Longtime Hingham District Court Judge Martha Ware, who died this week, was a legend in her time, and Abington residents remember how influential she was.
“I always admired her, and when I heard she had become a judge, I thought, ‘Oh, that is awesome!’ said Nancy Reed, a retired assistant town librarian. Reed, a lifelong Abington resident, recalls seeing Ware around town in the 1940s and 1950s.
Ware, who also was a retired Plymouth District Court special justice, died Tuesday at age 91.
Reed said Ware’s father, Samuel, also lived into his 90s.
Ware graduated from Abington High School in 1935 and from Colby Sawyer College in New London, N.H., where she later was awarded an honorary doctorate. She graduated from Portia Law School (now the New England School of Law) in 1941. She later became clerk of the Hingham court.
In 1947, she became the first woman to be elected a selectman in Plymouth County.
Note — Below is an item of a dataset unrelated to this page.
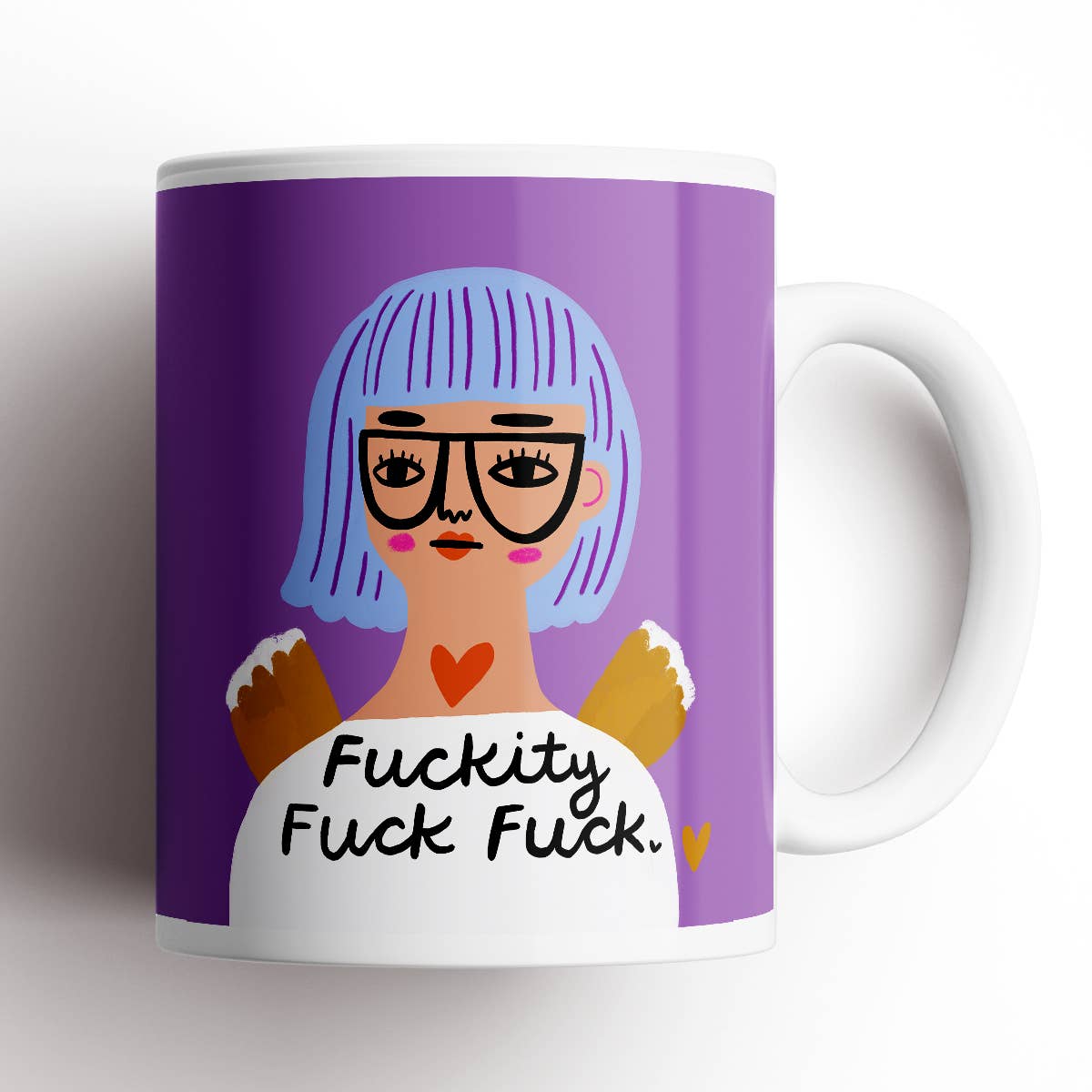 Fuckity Fuck Fuck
She later became a state representative.
As the first female judge in Plymouth County, she made younger women think of new possibilities for themselves, Reed said. Ware, then 38, was appointed to a judgeship by Gov. Christian Herter in 1956.
When she joined the Plymouth County Bar Association in 1942, she said, “I grew up an only child, but when I joined the bar association, I found out that I had many brothers and two other sisters.”
During her campaign for the Legislature in 1950, she was stricken with polio. She was confined to bed for three months but won the seat by 13 votes after a recount. Sitting in a wheelchair, she was sworn into office in January 1951.
Ware was named a trustee of Colby Sawyer College, Stonehill College and Whitman Mutual Federal Savings Bank.
“She was a woman who had become a judge at a time when that was unusual, and she also was a selectman, and no one had heard of a woman being a selectman, either,” Reed said.
“Anything that came up involving women or which women were interested in, Judge Ware was interested in.”
After she retired, Ware remained active. In 2002, she stopped by the Hingham courthouse for coffee with Judge Geraldine Lombardo the day Lombardo retired.
In 1998, Lombardo, the Hingham court’s presiding justice, called Ware a “superwoman” who ‘‘proved her dedication to the community. You have always been a good friend to everyone you met. You have been my mentor and role model. You have been my friend.”
Last spring, Ware attended the opening of the new senior center in Abington and the dedication of the exercise room.
In 1998, she told a Patriot Ledger reporter that one of her earliest memories of living on Adams Street in Abington was going across the street to Aunt Annie’s store. There, she said, you could sit at a small table and eat a sandwich, buy home-baked beans and bread and get an ice cream cone.